Work to complete —
Please retype every record exactly as it appears, omitting the pictures.
[[ Records for this exercise, beginning ]]
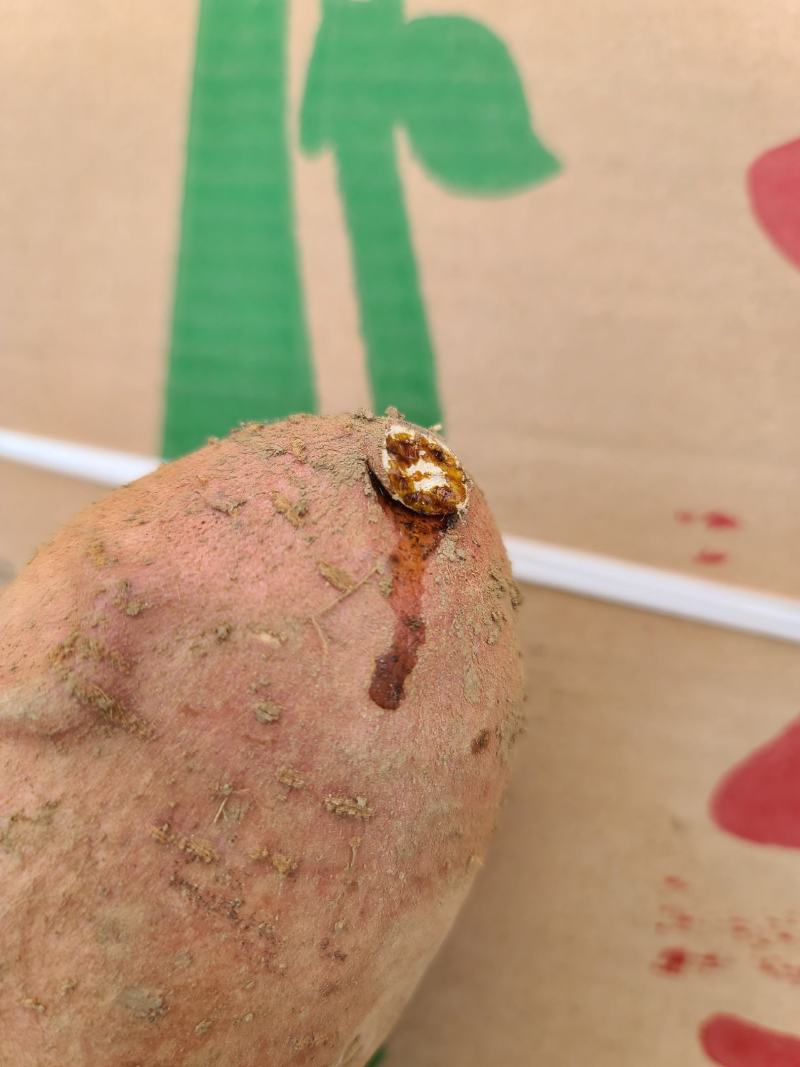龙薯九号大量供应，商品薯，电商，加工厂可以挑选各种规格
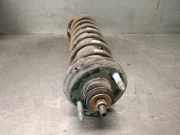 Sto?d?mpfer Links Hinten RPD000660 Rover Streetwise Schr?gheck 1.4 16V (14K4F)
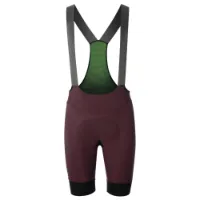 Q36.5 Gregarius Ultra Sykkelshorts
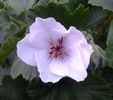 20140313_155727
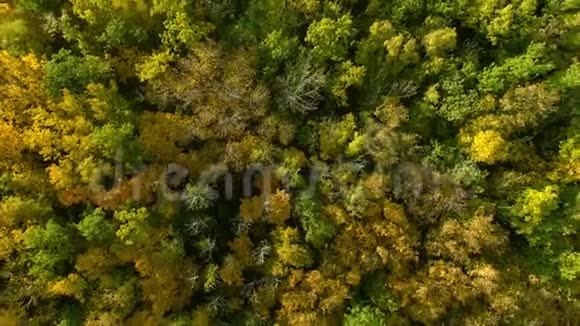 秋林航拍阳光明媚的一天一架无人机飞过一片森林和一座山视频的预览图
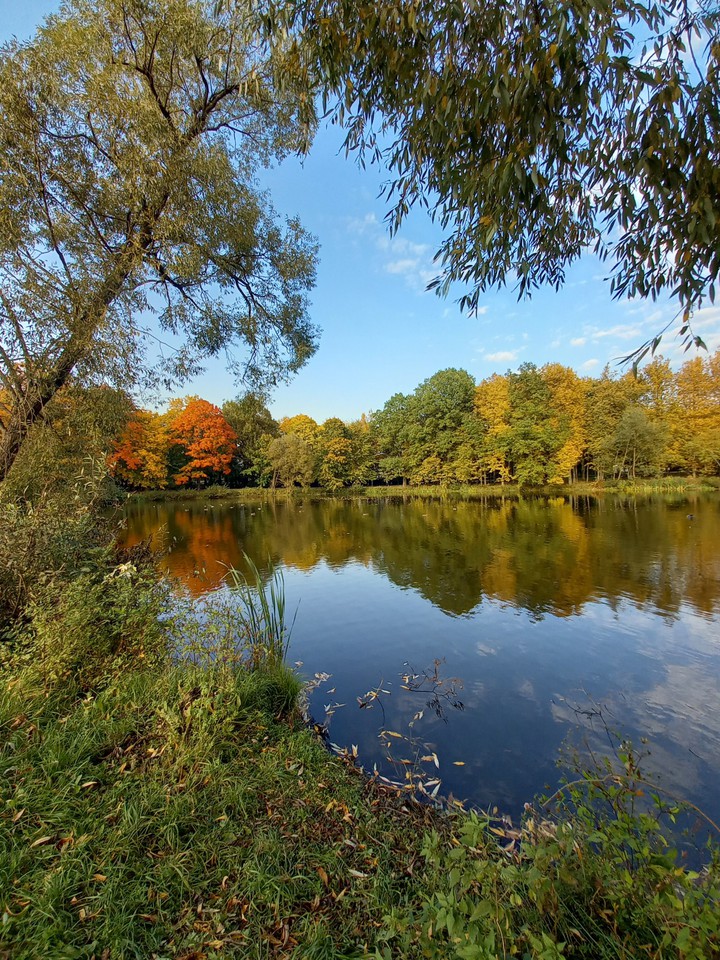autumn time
[[ Records for this exercise, end ]]
Exercise solution —
龙薯九号大量供应，商品薯，电商，加工厂可以挑选各种规格
 Sto?d?mpfer Links Hinten RPD000660 Rover Streetwise Schr?gheck 1.4 16V (14K4F)
 Q36.5 Gregarius Ultra Sykkelshorts
 20140313_155727
 秋林航拍阳光明媚的一天一架无人机飞过一片森林和一座山视频的预览图
autumn time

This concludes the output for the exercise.